In terms of how it is run, it would be run quite like other land. Typically, territory would be divided into various manors – manors being an economic and judicial unit run by the manorial court. Manorial courts both were the main source of records on and made the legal decisions on just about everything: who had rights (primarily tenant’s rights) to what bit of land (but also usage rights to the commons or to the water or hunting rights or wood-gathering, etc. etc.); who owed what in rents, taxes, and feudal obligations of labor and to whom; what would be grown, where and when, and who would labor; and crucially, the court also dealt with contract law and torts in the manor, so when you loaned your best milk cow to your neighbor and it died, everyone knew where to go for adjudication.
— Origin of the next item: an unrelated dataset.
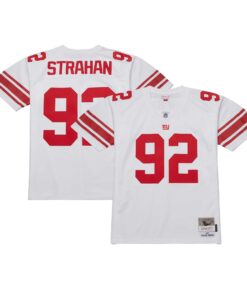 Men's New York Giants Michael Strahan Mitchell & Ness White Legacy Jersey JS5377 nicesnker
That manor would be run by various officials:
- at the top was the steward, who oversaw the manorial court and who was responsible for the overall condition of the manor.
- immediately below them was the reeve (adding to the complication, this is the Saxon term; Normans called them bailiffs and then started using the word for all kinds of judicial offices and then started using reeve again) who was the chief overseer of the peasants and was usually a peasant himself (sometimes appointed, and sometimes elected, subject to veto by the lord). The reeve’s job was to make sure that the crops got planted and harvested in line with the manorial court’s decisions and to carry out the marketing of the manor’s produce; to collect rents and debts (if a given tenant was late on their rent, for example) but also to make disbursements; and to make sure that the peasants performed their feudal obligations.
- And then there were assistant reeves and assistant stewards and under-bailiffs and all kinds of minor functionaries.
So the main difference, as far as the peasants were concerned, between royal land and fiefed land really was just who appointed the steward and signed off on the reeves. Now here’s where it could get tricky, because sometimes the King would lease out their lands to their friends and people who gave them money (sometimes not the same people!) without giving them away.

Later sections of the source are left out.